Give back exactly the stretch of data below from the line holding "Fendi Heel 3cm" through the line holding "L-shape Type C", both ends included, and leave the remaining lines out.

━━━━━ MATERIAL SUPPLIED

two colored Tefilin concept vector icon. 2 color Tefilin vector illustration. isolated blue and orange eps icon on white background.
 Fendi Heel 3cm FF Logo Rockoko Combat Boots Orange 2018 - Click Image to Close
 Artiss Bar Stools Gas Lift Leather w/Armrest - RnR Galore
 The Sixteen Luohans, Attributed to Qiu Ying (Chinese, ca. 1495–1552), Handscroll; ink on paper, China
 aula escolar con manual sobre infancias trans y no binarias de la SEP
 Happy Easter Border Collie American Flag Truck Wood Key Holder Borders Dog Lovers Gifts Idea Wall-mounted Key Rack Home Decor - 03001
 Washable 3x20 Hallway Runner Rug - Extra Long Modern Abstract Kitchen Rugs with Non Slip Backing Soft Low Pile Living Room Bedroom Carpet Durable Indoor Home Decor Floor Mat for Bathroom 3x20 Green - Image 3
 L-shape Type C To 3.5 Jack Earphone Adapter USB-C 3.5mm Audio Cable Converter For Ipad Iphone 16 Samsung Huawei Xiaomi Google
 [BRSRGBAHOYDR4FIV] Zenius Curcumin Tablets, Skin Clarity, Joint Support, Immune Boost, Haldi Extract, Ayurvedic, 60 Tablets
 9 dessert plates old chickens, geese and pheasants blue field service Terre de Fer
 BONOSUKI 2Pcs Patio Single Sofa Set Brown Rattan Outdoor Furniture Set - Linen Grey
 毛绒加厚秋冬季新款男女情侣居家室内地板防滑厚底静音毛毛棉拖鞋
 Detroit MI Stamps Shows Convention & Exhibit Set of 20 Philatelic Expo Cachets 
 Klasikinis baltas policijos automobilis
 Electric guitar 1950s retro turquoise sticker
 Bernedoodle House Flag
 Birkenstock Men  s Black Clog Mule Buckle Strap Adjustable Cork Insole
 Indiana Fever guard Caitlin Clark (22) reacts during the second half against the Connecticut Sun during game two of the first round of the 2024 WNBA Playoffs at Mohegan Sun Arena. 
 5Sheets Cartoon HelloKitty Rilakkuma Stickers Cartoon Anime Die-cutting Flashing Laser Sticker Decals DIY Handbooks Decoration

━━━━━━━━━━

◆ ANSWER FOR THE TASK
 Fendi Heel 3cm FF Logo Rockoko Combat Boots Orange 2018 - Click Image to Close
 Artiss Bar Stools Gas Lift Leather w/Armrest - RnR Galore
 The Sixteen Luohans, Attributed to Qiu Ying (Chinese, ca. 1495–1552), Handscroll; ink on paper, China
 aula escolar con manual sobre infancias trans y no binarias de la SEP
 Happy Easter Border Collie American Flag Truck Wood Key Holder Borders Dog Lovers Gifts Idea Wall-mounted Key Rack Home Decor - 03001
 Washable 3x20 Hallway Runner Rug - Extra Long Modern Abstract Kitchen Rugs with Non Slip Backing Soft Low Pile Living Room Bedroom Carpet Durable Indoor Home Decor Floor Mat for Bathroom 3x20 Green - Image 3
 L-shape Type C To 3.5 Jack Earphone Adapter USB-C 3.5mm Audio Cable Converter For Ipad Iphone 16 Samsung Huawei Xiaomi Google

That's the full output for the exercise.